I had to spend a few minutes on hold today waiting for a client, so I decided to spend a bit more time working on the ColdFusion Lucene code. One of the things I found about Lucene was it had no support for binary files. Basically you are responsible for finding your own plugins to get the text out of various file formats.
So I've updated my code to allow for plugins. What do I mean? The previous version of the code simply used a fileRead() call on the file to read in file contents and pass it to Lucene. Now I call a new CFC, filereader.cfc. This CFC, when created, scans a subdirectory named readers. Each CFC (except the core CFC the others one extend) represents a 'reader' for a type of file. Consider plaintext.cfc:
<cfcomponent output="false" hint="Plain text reader." extensions="xml,txt,html,cfm,cfc" extends="reader">
<cffunction name="read" access="public" returnType="string" output="false">
<cfargument name="file" type="string" required="true">
<cfset var result = "">
<cffile action="read" file="#arguments.file#" variable="result">
<cfreturn result>
</cffunction>
</cfcomponent>
There are two things important going on here. First off - notice the extensions attribute. Don't forget that the cfcomponent tag allows you to add any ole attribute you like. Well, my filereader.cfc makes note of this attribute. If it is reading a file of type X, and there is a reader that says it handles the extension, then the Read method is called. Notice for the plaintext cfc, I simply read in the file and return the result. Easy. So to "plugin" PDF support, I wrote a pdf.cfc. I stole my code from pdfutils. Now this code only works in ColdFusion 8, but someone else (that's you guys) could write a cf7 PDF reader. Someone else could write a MP3 reader. Etc.
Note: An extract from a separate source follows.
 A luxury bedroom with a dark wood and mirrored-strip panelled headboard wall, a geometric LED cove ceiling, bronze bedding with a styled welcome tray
Make sense? Cool? This change also removes the CF8 requirement for my code. (I mean outside of the PDF reader.) In theory - it completes the support (although the code is still a bit ugly) of file based indexing. All I would need to add next is support for manual updates so folks can index database information.
Archived Comments
How is that you "steal" your own code and "repurpose" other people's code? ;)
i learned from ms
About a year ago I wrote a complete Lucene 2 wrapper for our CMS which contains all the functionality of Verity and a lot more. We mainly went to Lucene for the more flexible multilingual support and the ability to write our own analyizers. The code is wrapped up in a jar and is part of a commercial product so not open source. We used the following open source 3rd party java libraries to get it work with a number of binary file formats
PDFBOX - PDF
Text Mining Extractors - http://www.textmining.org MS Office documents
Java - Text , Images
We have documented how we call things here:
http://www.shadocms.com/sha...
Grant, there is a small layout issue with your URL - a non closed italics tag. Would you be able to share any code with the project?
Hi Ray,
I'll have a chat with the team on Monday but we could certainly look at something like a free version for non commercial use and a $100 or something close to that for commercial use on a project. That way we can release the full code set as we have probably ported all the functionality someone would have ever used in Verity. It's all wrapped up in a simple CF API with a .jar file to add to the server. The main benefits of Lucene are:
1. It runs on a Mac (multi-platform support is much better than Verity - not that it would hard to beat!)
2. Multilingual support is very powerful and easy to extend
3. It's easy to cluster (just writes an index to the file system you can easily open and close, or copy to multiple servers)
4. It's easy to move (just copy the created index folder)
5. You can create your own analyzers, for example the simplest analyizer is a white space one which simply separates words base on whitespace. YOu can easily write a CF analyzer that would search based on "cfset" for example and then search all attributes etc.
6. The query syntax is easy to work with and very powerful
7. It is very fast
We're pretty busy but I'll see if we can get something out in the next couple of weeks that would let others use the functionality we've developed.
Hey Ray - I've been looking at using your code but am having problems setting up Lucene - can this just be added as a Classpath in CF, or do you have to have it run on a java app server by itself?
Thanks in advance for any help...:-)
You should be able ot just add it to your classpath.
FYI, another user sent some bug reports pre-cfobjective. I've been swamped, but hopefully I'll have an update to release sometime soon.